David ante Goliat. El pequeño planta cara al grande. El pobre desafía al rico. Democracia frente a chantaje. Soberanía contra imposición. Esas son las oposiciones que muchos han utilizado durante las últimas semanas para retratar el conflicto entre Grecia y la antigua Troika. Pero todas ellas expresan una monumental falacia. A mi parecer, todo se reduce al simple hecho de que Grecia no ha cumplido sus compromisos. Está obligada a cumplir lo acordado y, si no puede hacerlo, tiene dos opciones: incumplir los acuerdos y asumir las consecuencias, o tratar de alcanzar nuevos acuerdos, pero bajo la premisa obvia de que no se encuentra en condiciones de exigir nada a sus acreedores.

Es irrelevante quién se haya beneficiado hasta ahora de los anteriores rescates. Los países, como las personas o las empresas, piden préstamos cuando creen necesitarlos; pero perfectamente podrían no hacerlo. Grecia podría no haberlo hecho y haber asumido la responsabilidad de esa decisión. Pero pidió préstamos -no otra cosa es un rescate- y si esos préstamos han servido para salvar a los bancos -anteriores acreedores- de la quiebra, eso es indiferente a los efectos de lo que han de decidir ahora.
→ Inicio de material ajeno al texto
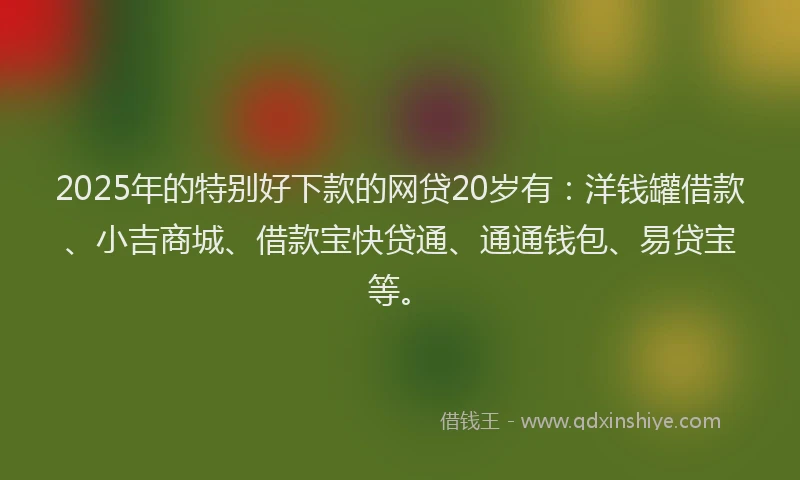 2025年的特别好下款的网贷20岁有：洋钱罐借款、小吉商城、借款宝快贷通、通通钱包、易贷宝等。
Muchos piensan que Grecia no podrá pagar su deuda y sostienen que si se quiere evitar su colapso y posterior abandono de la moneda común, hay que ayudarla suavizando las condiciones para devolver lo tomado en préstamo o, incluso, perdonándole una parte de lo debido. Es posible que sea así, pero eso es algo que, en todo caso, deberán decidir los acreedores. A ellos compete establecer las condiciones y al hacerlo, habrán de evaluar las posibles consecuencias de los escenarios que se planteen, entre ellas, las del desacuerdo y el consiguiente impago. Lo que no es de recibo es que quien ha asumido compromisos económicos y de políticas públicas en su país, los incumpla y exija de paso que le vuelvan a prestar dinero, eso sí, con las condiciones que le interesan. Y más inaceptable es que recurra a un referéndum -invocando para ello la capacidad de decisión y la soberanía griega- para, supuestamente, someter al criterio ciudadano la decisión de aceptar o rechazar la propuesta de los acreedores. Es inaceptable por dos razones; por un lado, porque la soberanía griega nunca ha estado en cuestión, ya que nadie ha obligado a los griegos a aceptar nada que no quisieran y, además, la soberanía se respeta igual si es el gobierno el que decide directamente. Y por el otro, porque de esa forma pretende colocarse en una posición de mayor legitimidad que la de los gobiernos de los países acreedores, sin querer reparar en el hecho nada baladí de que esos gobiernos, siguiendo la misma lógica, bien podrían consultar en referéndum si sus ciudadanos están dispuestos a aceptar la propuesta de Grecia.

Asistimos a un intento de evasión sistemática de responsabilidades. El gobierno griego y quienes lo respaldaron en el referéndum tratan de que el incumplimiento de lo acordado no tenga consecuencias o tenga las menos posibles, e intentan seguir obteniendo la ayuda de las instituciones europeas, eso sí, a la vez que se las calumnia. Todo esto es preocupante. Todos, empezando por los griegos, podemos salir perjudicados de esta historia. Pero lo que más me preocupa no es eso. Lo que me preocupa es que actitudes como las de Grecia tengan tantas simpatías entre nosotros; me preocupa que mis compatriotas confundan la democracia con el filibusterismo en las relaciones internacionales; me preocupa que se dé por bueno el incumplimiento de los acuerdos. Me preocupa, en definitiva, el poco respeto que se tiene a la responsabilidad.